§ Exercise requirements
The answer is to be an exact copy of the lines below running from the line with "Another diet trend" down to the line with "Citroen ZX modrá - díly z tohoto vozu", both ends included, and nothing more.

========

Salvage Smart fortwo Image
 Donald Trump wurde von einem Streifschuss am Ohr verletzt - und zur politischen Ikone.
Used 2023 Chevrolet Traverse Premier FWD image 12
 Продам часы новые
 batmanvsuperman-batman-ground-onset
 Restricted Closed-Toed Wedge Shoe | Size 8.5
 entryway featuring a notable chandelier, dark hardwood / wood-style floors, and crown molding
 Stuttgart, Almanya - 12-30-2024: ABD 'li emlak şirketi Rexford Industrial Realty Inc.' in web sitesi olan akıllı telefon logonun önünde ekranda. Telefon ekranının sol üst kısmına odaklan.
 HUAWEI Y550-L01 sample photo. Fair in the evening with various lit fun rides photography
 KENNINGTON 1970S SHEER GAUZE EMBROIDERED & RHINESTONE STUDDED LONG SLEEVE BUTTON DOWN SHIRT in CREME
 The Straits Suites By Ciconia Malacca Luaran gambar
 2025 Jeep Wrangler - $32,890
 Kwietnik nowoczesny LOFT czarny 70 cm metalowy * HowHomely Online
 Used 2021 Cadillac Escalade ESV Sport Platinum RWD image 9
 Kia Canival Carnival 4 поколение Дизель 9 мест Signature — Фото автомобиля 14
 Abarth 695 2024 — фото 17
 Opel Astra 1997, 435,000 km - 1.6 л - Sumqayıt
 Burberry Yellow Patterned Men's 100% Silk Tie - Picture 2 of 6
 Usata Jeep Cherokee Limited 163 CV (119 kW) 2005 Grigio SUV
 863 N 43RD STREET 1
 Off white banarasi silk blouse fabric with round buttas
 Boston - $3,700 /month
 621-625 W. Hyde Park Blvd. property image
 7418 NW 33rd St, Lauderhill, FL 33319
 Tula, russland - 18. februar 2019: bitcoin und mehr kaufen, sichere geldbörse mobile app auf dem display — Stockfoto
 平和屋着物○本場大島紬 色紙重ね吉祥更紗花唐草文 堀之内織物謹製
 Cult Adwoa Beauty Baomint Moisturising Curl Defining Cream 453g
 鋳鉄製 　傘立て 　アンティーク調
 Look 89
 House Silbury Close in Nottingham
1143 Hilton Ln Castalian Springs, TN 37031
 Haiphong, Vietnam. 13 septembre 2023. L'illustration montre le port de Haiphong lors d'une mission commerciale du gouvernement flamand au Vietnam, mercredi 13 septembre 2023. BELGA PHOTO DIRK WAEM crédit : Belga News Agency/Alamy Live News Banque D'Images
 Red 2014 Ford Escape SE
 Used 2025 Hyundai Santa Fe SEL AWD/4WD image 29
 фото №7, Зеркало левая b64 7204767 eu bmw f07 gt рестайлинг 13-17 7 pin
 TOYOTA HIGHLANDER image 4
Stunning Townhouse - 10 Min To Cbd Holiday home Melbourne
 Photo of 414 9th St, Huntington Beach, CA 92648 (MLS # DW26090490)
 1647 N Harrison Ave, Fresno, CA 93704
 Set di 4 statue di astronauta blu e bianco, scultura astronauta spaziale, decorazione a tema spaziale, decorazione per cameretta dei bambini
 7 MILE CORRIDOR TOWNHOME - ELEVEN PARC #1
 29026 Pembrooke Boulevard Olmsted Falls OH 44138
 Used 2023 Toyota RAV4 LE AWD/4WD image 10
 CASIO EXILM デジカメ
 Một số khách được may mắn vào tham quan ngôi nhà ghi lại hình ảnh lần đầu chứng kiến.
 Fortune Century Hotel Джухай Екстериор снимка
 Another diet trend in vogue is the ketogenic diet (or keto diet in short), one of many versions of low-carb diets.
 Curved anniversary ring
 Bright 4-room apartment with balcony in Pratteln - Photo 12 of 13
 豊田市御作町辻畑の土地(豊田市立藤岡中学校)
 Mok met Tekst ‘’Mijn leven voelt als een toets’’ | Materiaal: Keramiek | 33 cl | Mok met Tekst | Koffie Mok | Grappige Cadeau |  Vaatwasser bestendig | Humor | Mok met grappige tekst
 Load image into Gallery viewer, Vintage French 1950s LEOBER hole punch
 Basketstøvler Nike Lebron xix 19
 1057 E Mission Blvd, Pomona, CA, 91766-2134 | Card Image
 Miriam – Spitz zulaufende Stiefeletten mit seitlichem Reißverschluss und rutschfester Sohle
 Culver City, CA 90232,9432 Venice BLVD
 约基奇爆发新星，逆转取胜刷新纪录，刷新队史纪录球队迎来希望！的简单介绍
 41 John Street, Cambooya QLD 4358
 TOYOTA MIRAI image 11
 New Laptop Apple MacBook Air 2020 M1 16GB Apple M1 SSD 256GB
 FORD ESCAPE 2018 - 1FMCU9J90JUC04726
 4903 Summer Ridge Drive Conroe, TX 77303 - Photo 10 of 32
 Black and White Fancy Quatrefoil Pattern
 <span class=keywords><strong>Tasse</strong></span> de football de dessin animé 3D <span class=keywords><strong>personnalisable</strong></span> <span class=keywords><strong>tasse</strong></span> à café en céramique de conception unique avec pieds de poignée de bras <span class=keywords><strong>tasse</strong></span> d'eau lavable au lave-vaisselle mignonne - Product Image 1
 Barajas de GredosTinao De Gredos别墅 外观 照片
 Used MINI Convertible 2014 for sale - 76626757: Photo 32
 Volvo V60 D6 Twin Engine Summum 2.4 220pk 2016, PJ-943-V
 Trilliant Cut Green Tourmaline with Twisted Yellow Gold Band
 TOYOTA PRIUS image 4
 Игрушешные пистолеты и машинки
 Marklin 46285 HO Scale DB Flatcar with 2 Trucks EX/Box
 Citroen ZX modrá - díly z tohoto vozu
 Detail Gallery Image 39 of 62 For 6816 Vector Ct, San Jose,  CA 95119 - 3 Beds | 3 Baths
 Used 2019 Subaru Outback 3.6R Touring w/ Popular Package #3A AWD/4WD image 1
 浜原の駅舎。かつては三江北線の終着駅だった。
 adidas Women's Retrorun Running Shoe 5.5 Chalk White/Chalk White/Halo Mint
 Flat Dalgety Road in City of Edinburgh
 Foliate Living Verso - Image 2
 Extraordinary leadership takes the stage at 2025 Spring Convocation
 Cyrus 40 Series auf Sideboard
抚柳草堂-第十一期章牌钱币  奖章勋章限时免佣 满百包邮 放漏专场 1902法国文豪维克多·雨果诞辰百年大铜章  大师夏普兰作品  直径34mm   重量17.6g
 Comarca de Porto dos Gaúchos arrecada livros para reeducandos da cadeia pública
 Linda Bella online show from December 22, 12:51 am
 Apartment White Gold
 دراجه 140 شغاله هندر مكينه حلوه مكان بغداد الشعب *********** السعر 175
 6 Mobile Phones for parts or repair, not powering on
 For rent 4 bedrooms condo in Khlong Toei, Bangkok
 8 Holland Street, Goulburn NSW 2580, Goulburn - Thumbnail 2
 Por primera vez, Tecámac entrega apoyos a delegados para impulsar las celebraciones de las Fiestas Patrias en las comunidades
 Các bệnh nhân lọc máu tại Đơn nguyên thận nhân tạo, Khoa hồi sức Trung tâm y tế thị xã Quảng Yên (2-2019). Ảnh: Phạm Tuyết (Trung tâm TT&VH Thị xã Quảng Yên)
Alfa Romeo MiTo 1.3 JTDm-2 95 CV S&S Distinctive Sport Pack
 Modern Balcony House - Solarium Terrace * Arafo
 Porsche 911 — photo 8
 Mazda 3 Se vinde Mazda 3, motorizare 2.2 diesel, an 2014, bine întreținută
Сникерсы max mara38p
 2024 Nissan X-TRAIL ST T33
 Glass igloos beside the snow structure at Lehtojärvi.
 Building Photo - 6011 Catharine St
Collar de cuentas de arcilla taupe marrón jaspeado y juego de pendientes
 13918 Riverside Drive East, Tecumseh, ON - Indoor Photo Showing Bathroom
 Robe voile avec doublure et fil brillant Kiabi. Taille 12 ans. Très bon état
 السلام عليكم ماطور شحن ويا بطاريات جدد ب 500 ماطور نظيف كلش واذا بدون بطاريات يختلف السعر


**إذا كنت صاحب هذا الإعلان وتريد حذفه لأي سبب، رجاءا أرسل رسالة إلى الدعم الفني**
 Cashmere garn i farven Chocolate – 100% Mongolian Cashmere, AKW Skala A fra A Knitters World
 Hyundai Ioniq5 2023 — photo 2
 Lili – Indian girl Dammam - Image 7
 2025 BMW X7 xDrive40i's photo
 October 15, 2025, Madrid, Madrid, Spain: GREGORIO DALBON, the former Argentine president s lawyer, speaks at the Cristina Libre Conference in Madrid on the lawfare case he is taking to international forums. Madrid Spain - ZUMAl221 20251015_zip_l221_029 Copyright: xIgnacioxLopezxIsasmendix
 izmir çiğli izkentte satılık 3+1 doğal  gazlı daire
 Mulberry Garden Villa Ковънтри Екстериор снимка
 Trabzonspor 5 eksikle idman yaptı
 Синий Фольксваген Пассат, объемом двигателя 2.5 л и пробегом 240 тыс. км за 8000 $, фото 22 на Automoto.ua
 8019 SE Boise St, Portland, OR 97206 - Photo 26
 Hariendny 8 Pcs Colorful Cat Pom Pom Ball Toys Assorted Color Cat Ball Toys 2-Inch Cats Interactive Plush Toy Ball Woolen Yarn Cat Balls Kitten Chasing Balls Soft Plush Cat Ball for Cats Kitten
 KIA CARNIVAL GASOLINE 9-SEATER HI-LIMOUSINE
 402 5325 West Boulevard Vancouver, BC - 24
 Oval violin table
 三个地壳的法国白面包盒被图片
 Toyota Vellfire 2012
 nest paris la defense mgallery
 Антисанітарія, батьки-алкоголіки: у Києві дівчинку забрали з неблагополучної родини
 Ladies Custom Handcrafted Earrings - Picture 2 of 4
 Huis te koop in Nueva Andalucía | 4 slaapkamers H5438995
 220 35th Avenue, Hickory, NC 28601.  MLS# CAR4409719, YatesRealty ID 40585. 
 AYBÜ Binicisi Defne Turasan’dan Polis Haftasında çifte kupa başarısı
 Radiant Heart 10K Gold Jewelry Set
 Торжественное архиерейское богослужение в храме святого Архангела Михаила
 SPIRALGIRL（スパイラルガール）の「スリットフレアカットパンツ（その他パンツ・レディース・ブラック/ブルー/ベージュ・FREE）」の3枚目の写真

========

§ Reply
 Another diet trend in vogue is the ketogenic diet (or keto diet in short), one of many versions of low-carb diets.
 Curved anniversary ring
 Bright 4-room apartment with balcony in Pratteln - Photo 12 of 13
 豊田市御作町辻畑の土地(豊田市立藤岡中学校)
 Mok met Tekst ‘’Mijn leven voelt als een toets’’ | Materiaal: Keramiek | 33 cl | Mok met Tekst | Koffie Mok | Grappige Cadeau |  Vaatwasser bestendig | Humor | Mok met grappige tekst
 Load image into Gallery viewer, Vintage French 1950s LEOBER hole punch
 Basketstøvler Nike Lebron xix 19
 1057 E Mission Blvd, Pomona, CA, 91766-2134 | Card Image
 Miriam – Spitz zulaufende Stiefeletten mit seitlichem Reißverschluss und rutschfester Sohle
 Culver City, CA 90232,9432 Venice BLVD
 约基奇爆发新星，逆转取胜刷新纪录，刷新队史纪录球队迎来希望！的简单介绍
 41 John Street, Cambooya QLD 4358
 TOYOTA MIRAI image 11
 New Laptop Apple MacBook Air 2020 M1 16GB Apple M1 SSD 256GB
 FORD ESCAPE 2018 - 1FMCU9J90JUC04726
 4903 Summer Ridge Drive Conroe, TX 77303 - Photo 10 of 32
 Black and White Fancy Quatrefoil Pattern
 <span class=keywords><strong>Tasse</strong></span> de football de dessin animé 3D <span class=keywords><strong>personnalisable</strong></span> <span class=keywords><strong>tasse</strong></span> à café en céramique de conception unique avec pieds de poignée de bras <span class=keywords><strong>tasse</strong></span> d'eau lavable au lave-vaisselle mignonne - Product Image 1
 Barajas de GredosTinao De Gredos别墅 外观 照片
 Used MINI Convertible 2014 for sale - 76626757: Photo 32
 Volvo V60 D6 Twin Engine Summum 2.4 220pk 2016, PJ-943-V
 Trilliant Cut Green Tourmaline with Twisted Yellow Gold Band
 TOYOTA PRIUS image 4
 Игрушешные пистолеты и машинки
 Marklin 46285 HO Scale DB Flatcar with 2 Trucks EX/Box
 Citroen ZX modrá - díly z tohoto vozu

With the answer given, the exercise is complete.